I’m a writer, researching a setting for a story, I explain. A writer who used to teach at this very school. A fictional story, I emphasize, about a deaf school. It’s true, I am trying to hatch a story, but I don’t share my background as an ‘op ed’ journalist for a Boston paper, or the fact I’m taking notes about her, and the few other people who populate this building on a quiet Friday afternoon, when the students have been dismissed early.
“Most of the teachers are in a meeting. But I’ll get the technology teacher. He’ll escort you around. So you’re just looking for impressions, just a feeling?”
“Exactly. The story is about a first year teacher of the deaf and his struggle to learn the ropes.” I don’t mention that my main character is gay–like me–or that the ‘story’ is nothing more than a vague impression in my mind. I don’t imagine that she cares, just so long as it’s fiction.
I thank her and a middle-aged man with a wide Slavic face and pale complexion comes in. He looks at me, scanning, rewinding files of memory, and nods in my direction. “Hi Rick,” I say, reintroducing myself as Bruce, a name I no longer use, part of my history like my memories of this school. The Principal smiles, too, for the first time. I realize she hasn’t given me her name–doesn’t want to end up as a character in my piece.
Rick was a shop teacher–with skinny white legs I remember from the student-staff volleyball game and thick coarse black hair, pasted on his head like a helmet. His hair is still thick, and he’s thickened around the waist, too, and sports a modest gut. Walking around the U-shaped second floor, he leads me to my former classroom, where I struggled to teach groups of junior-high aged deaf children about Math and Science, replacing a woman who had been at A.G. Bell for twenty-five or thirty years, who seemed older than my grandmothers.
There are no traces of me or my former students, “kids” who would be 36 or 38 today. Still, I’d recognize most of them on the street, I’m sure, their bored formerly-adolescent faces lined by life, but expressive, open, the way deaf people often are.

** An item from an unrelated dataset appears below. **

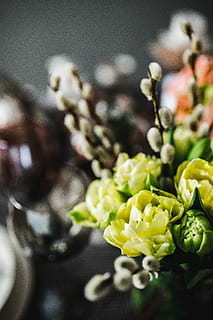 夏天结婚怎么买羽绒服 怎么买羽绒服?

We walk into a resource room, stuffed with pictures of smiling kids–mostly brown and black faces. I ask him about white children–half the school’s population 20 years ago, and now, Chuck says, about 10 of 300. I look for a picture of this absent teacher I knew as a green eyed sharp-tongued woman of 30, with long reddish hair and a smile that sparkled in the school’s fluorescent light, but can’t find one. I wonder how life has touched her–gently marked her face or scratched and clawed her as experience and time often do.
The moments pass quickly–15 minutes or 30–and I feel the present calling me back, shifting plates of tectonic time, two decades sliding together and breaking apart. Chuck doesn’t say anyone has died, even Mrs. Brown, the supervising teacher who retired at the end of my first year and seemed ancient, even then. How lucky we all are.
We shake hands–I’ve taken up too much of his lunch period. Walking out through the dark glass doors I inhale and taste a hint of spring in the February air. I think of that sharp-tongued woman and Rick, and others I’ve almost forgotten, who’ve taught in this sealed box while I’ve changed careers, and hometowns, restless as the teenagers I tried to teach.
Pulling out of the parking lot, I head east, knowing I was one of a hundred transients passing through, leaving less of an impact on this building than the winter winds, which swirl past the slatted bricks and stingy windows, leaving no impression.